The Audit process tracking policy (sometimes called Detailed Tracking) tracks each program that is executed, either by the system or by end users. You can even determine how long the program was open. You can tie this policy, Audit logon events, and Audit object access events together by using the Logon ID, Process ID, and Handle ID fields within the various event descriptions and thereby paint a detailed picture of a user’s activities.

The following is an exerpt from my book, The Windows Security Log Revealed 

With the Detailed Tracking category (sometimes called Process Tracking), Windows gives you the ability to track programs executed on the system and to link those process events to logon sessions reported by Logon/Logoff events and to file access events generated by the Object Access category. For instance, you can use Detailed Tracking events to determine that Joe opened Excel.

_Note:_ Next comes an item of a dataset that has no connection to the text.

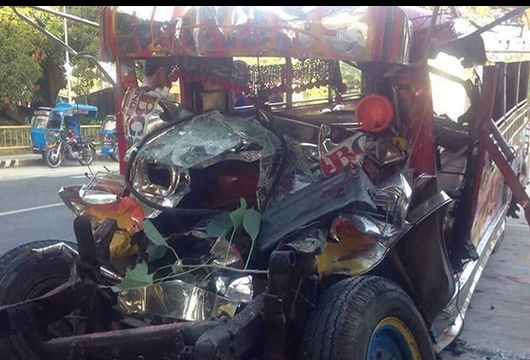 Xe khách đấu đầu xe buýt, 20 người chết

By linking Detailed Tracking events to Logon/Logoff events, you can further show that Joe opened Excel during a remote desktop logon; by linking Detailed Tracking events to Object Access events, you can document that Joe used Excel to open and modify c:\files\payroll.xls. Detailed Tracking also provides event IDs for monitoring the installation and removal of services and the maintenance of scheduled tasks. 

For a list of Event IDs generated by this category, see the Security Log Encyclopedia.

Bottom line

  • Windows XP, 2000 and 2003: I recommend enabling this policy for success on workstations and possibly member servers. We have not observed any failure events in this category.
  • Windows Server 2008 and Vista: I don't recommend managing audit policy at this level because too much noise is generated. Use subcategories instead. See Audit Category: Detailed Tracking (Windows Server 2008 and Vista).